There were several things which Fastow did to repeatedly commit both wire fraud and securities fraud. Perhaps his actions to commit wire fraud were more pervasive than those to commit the former crime. One of the primary ways that Fastow committed wire fraud was by communicating with a number of banks to hide Enron’s mounting debt while inflating its assets. Fastow did this numerous times, calling these banks—such as Merrill Lynch “problem solvers” when it was time for Enron to do its quarterly accounting (Barrionuevo, 2006). These banks were complicit in Enron’s complicated fraud scheme because it was financially beneficial for them to be so. There is an inherent link between what Fastow did in his wire fraud as it related to securities fraud. When he would use communication consisting of wire fraud to detail information which affected Enron’s securities and the exchange of those securities, he was committing securities fraud as well. Fastow would also directly pay banks to enable Enron to meet desirable financial projections for quarters. Doing so was a means of bribing banks to commit fraud that was favorable to Enron’s finances. He would communicate these bribes via email or on the phone; those fraudulent projections in turn would influence security trades. Fastow also created shell companies—companies primarily existing on paper—to hide Enron’s debt and burgeon its assets (Rogers, 2004).

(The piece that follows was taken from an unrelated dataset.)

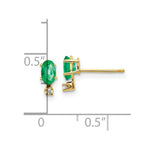 Load image into Gallery viewer, 14K Yellow Gold Diamond &amp; Emerald Birthstone Earrings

Fastow utilized a number of financial schemes to perpetrate wire fraud and security fraud. One of his tools was an extremely liberal usage of marked to market accounting, which is a legitimate accounting method when correctly applied. However, Enron was using this method (in which individuals estimate the worth of assets according to market forces and not based on actual, concrete estimates) to show wild profits for assets which never truly existed (Norris and Eichenwald, 2002), such as its scheme to enter the entertainment industry with Blockbuster. As Enron’s Chief Financial Officer, Fastow sanctioned this activity. Fastow’s penchant for creating shell companies to assume the burden of Enron’s losses was even more blatant an effort of flouting laws related to wire fraud and security fraud. The most notorious of these companies (although multiple ones were used by the company) was LJM (McLean and Elkind, 2013, p. 7). This paper company was explicitly created by Fastow because the acronym stood for the first names of his wife and sons. Fastow used this company and other paper companies either directly devised or authorized by him to function as fictitious companies working with Enron (Emshwiller, 2006). Thus, he could utilize these entities to encompass whatever losses Enron took which he thought were appropriate. Similarly, he could claim profits from these companies as Enron’s because they were involved in alleged partnerships. (McLean and Elkind, 2013, p. 152).